Émile Friant se dépeint ici, au premier plan, avec force et intimité, tout ce qui fera sa notoriété dans les années à venir. Il a 24 ans, nous sommes en 1887. La scène se déroule à Nancy, peut-être au 26 de la rue Jeanne-d’Arc où son père s’est installé comme artisan après avoir quitté la petite ville de Dieuze, annexée en 1870 par la Prusse, comme une partie de la Moselle et l’Alsace.

L’artiste semble se souvenir ici de la maxime de son maître à l’école municipale de Dessin, Théodore Devilly : « Regardez autour de vous, observez simplement et traduisez sincèrement ». Sur cette composition Friant regarde autour de lui, il observe et il traduit sur son panneau de bois posé devant lui en diagonale. Cette observation accrue de la réalité sera la signature du maître lorrain.

Si de prime abord nous pourrions penser que le peintre nous observe, en réalité il scrute un miroir. Le droitier qu’était Friant devient gaucher. Il est seul, dans ce qui semble être son atelier. Le calme règne, on entend peu de choses, si ce n’est sa blouse rêche aux teintes crayeuses remuer à chaque coup de pinceau, ou encore quelques passants en arrière-plan.

Le fond est traité avec rapidité, les formes sont estompées et les contours flous. L’homme au chapeau noir – épiant l’artiste au travail – est rapidement brossé. En le laissant dans sa composition et en se plaçant juste à côté, au premier plan et avec une grande netteté, Friant donne alors une certaine profondeur à sa composition. Si la thématique de l’autoportrait dans l’atelier est académique, le rendu en est tout autre. Ce contraste saisissant entre les plans donne une forte présence à l’artiste, tel un objectif de photographe avec une mise au point sur le visage du protagoniste.

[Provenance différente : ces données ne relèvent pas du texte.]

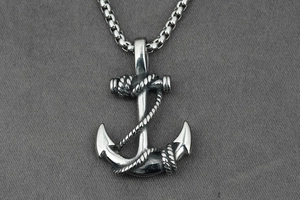Gros plan macro d'un pendentif ancre en argent avec texture de corde et chaîne solide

Ce rendu minutieux est certainement à mettre en lien avec son voyage à Anvers effectué l’année précédente (1886). Nous retrouvons des réminiscences de l’art flamand comme la présence de la fenêtre qui occupe la quasi-totalité de l’arrière-plan, et permet ainsi d’inonder le tableautin de lumière. L’ambiance semble hivernale. Que nous soyons sur les façades des immeubles, sur les grilles où de la neige semble s’être posée il y a quelques instants, sur les murs de l’atelier ou encore sur la blouse de l’artiste, dans une gamme chromatique époustouflante. Le blanc sera une couleur de Friant, que ce soit le blanc heureux de La Barque ou celui mélancolique entourant la Jeune Nancéienne.

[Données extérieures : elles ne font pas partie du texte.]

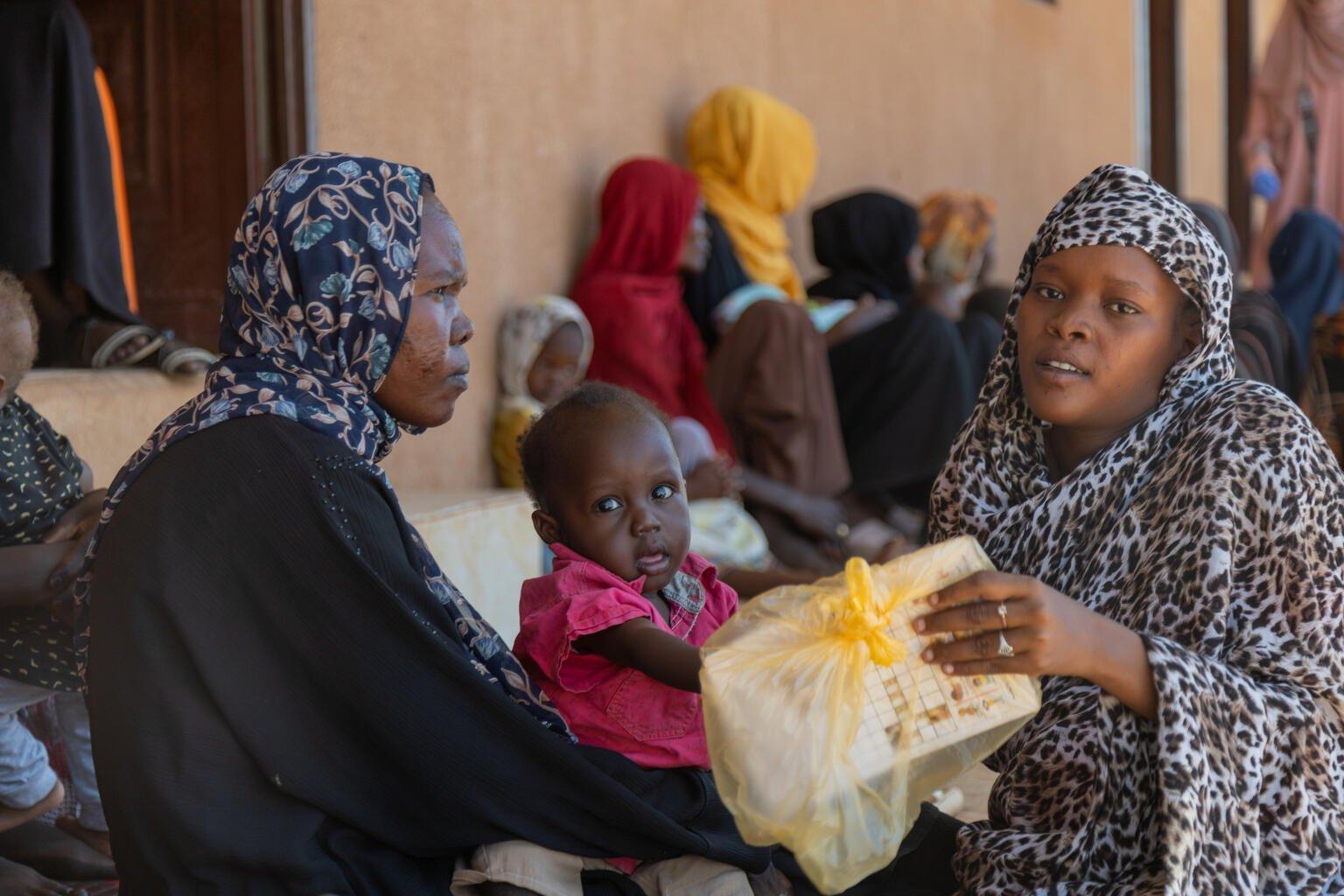 Gezondheidsmedewerker deelt pakket uit aan moeder en dochter voor cholera preventie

La veste noire que porte l’artiste en-dessous de sa blouse rehausse la composition. Les températures obligent peut-être le port du costume, mais ce col noir a le mérite de mettre en valeur le visage. La bordure de la fenêtre, avec ce fin réseautage de verre coloré ainsi que sa translucidité, montre la maîtrise des pigments. Faisant pendant et donnant une épaisseur à la composition, l’arrière du panneau de bois que Friant peint attire notre regard avec sa gamme rougeâtre.

Peint sur bois, cet Autoportrait est une superbe mise en abyme : nous regardons le panneau que Friant est lui-même en train de peindre dans son atelier. Il souhaite se montrer tel qu’il est, loin des conventions académiques, et de face. Le regard fort et profond, l’arrière-plan flou pour mieux mettre en valeur le sujet, la lumière réfléchie et vibrante, voici un chef-d’œuvre d’Émile Friant. Nous l’observons en silence.